2. Bay B., kız arkadaşı Z.’ye evlenme teklif etmeyi düşünen 32 yaşında bir erkektir. Yıllarca farklı kadınlarla çıktıktan sonra, Z.’yi “gerçekten sevdiğini” ve onun, “hayatını paylaşabileceğini hayal edebildiği” ilk kadın olduğunu söylüyor. Üniversite yıllarından beri tanıdığı birçok arkadaşı Z.’yi çok beğenmekte ve onu “bu işi resmiyete dökmeye” teşvik etmektedir. Ancak, tereddüt yaşamaktadır ve bu durum onda anksiyete yaratmaktadır. Depresyon ya da anksiyete belirtileri bildirmez. Z.’ye “pek ısınamayan” tek kişi annesidir; onun “yüksek lisans derecelerine sahip olmaması” nedeniyle “oğluna layık olmadığını” düşünmektedir.

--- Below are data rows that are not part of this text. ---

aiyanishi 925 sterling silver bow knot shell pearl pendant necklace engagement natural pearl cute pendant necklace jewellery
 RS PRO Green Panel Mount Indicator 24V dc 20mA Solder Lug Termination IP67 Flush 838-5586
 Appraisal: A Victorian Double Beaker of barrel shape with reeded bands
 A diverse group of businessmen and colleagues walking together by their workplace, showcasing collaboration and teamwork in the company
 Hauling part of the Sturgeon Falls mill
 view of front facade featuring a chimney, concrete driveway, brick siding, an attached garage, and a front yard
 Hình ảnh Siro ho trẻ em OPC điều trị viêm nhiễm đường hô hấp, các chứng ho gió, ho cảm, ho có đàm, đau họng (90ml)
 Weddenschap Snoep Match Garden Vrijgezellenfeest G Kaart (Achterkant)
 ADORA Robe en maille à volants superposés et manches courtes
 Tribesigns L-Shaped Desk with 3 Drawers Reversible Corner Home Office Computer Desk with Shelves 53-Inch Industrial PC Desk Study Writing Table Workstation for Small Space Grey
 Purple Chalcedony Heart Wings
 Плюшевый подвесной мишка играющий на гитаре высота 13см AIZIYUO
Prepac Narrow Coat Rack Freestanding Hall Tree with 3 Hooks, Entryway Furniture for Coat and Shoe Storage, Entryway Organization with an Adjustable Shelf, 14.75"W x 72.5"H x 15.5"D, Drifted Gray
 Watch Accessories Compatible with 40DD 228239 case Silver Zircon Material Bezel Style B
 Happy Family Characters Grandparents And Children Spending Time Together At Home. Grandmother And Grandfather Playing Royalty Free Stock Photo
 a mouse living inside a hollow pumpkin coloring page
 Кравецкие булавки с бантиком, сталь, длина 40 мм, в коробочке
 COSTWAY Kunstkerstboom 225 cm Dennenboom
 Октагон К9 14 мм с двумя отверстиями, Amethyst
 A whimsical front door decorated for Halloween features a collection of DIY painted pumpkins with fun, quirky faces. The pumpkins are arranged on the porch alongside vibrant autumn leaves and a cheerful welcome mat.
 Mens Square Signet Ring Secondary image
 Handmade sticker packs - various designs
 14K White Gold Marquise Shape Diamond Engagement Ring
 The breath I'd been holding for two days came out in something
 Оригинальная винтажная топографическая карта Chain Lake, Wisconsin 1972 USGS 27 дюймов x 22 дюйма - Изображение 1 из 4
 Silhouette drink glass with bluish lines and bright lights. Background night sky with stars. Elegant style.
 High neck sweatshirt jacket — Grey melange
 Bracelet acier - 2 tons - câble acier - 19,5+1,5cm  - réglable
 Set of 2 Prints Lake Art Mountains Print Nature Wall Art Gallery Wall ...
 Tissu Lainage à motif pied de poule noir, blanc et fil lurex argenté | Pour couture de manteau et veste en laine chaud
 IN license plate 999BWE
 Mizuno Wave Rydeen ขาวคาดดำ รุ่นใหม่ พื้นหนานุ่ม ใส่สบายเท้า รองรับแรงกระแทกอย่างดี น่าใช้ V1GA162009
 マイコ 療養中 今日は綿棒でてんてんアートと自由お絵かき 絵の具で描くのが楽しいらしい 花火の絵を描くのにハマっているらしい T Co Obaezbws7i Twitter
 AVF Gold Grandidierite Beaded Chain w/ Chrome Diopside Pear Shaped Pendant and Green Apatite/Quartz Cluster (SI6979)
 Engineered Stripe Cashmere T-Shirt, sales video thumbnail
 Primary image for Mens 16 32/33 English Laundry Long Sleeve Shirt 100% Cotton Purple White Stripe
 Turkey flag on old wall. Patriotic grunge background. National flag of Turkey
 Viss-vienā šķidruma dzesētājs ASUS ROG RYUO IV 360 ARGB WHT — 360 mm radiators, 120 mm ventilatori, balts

Son birkaç haftadır kendini annesini daha sık ararken bulur, bu davranışın biraz “otomatik” geldiğini ve “neden böyle yaptığını merak ettiğini” belirtir. Babası 10 yıl önce vefat ettiğinden beri kendini annesinden “sorumlu” hissettiğini, bu durumun ona hem “gurur” yaşattığını hem de onda “içten içe öfke”ye yol açtığını söylüyor.
Yorum
1. Destekleyici bir tutumla başlayın – Bayan A.’nın izolasyonu (başkalarıyla ilişki kurmada yaşadığı sorunlar), tezini yazmak için bir plan oluşturamaması (bilişsel sorun) ve belki de bir miktar paranoyası (gerçeklik testinde bozulma) onun bu noktada ego desteğine ihtiyaç duyduğunu göstermektedir. Zeki gibi görünmektedir (bir güçlü yön) ve bilinçdışı bazı etkenler de rol oynuyor olabilir (babayla rekabet, süperego baskıları); ancak mevcut ego işlevselliğini iyileştirebilmesi için öncelikle zayıflamış ego işlevlerine yönelik destek alması gerekmektedir.
2. Açığa çıkarıcı bir duruşla başlayın – Bay B., bilinçdışı bir çatışmaya sahip olan bir kişinin klasik “sıkışıp kalmış” pozisyonundadır. “Kız arkadaşımı seviyorum” ve “Anneme bakmak zorundayım” şeklindeki iki çatışan bilinçdışı fantezinin çakışıyor olması muhtemeldir ve bu da onun hiçbir yönde hareket edemiyor gibi hissetmesine yol açmaktadır. Annesini aramalarının “otomatik” hissettirmesi ve bunun hakkında “merak” duyması, bilinçdışı etkenlerin devrede olduğunun bir ölçüde farkında olduğunu gösterir. Bu aşamada ego zayıflığına dair herhangi bir belirti yoktur – tam tersine, güvenebildiği çok iyi arkadaşları olduğu anlaşılmaktadır. Açığa çıkarıcı bir yaklaşım, bu bilinçdışı etkenlerin onu nasıl etkilediğini anlamasına yardımcı olacak ve karar verme konusunda ona daha fazla özgürlük sağlayacaktır.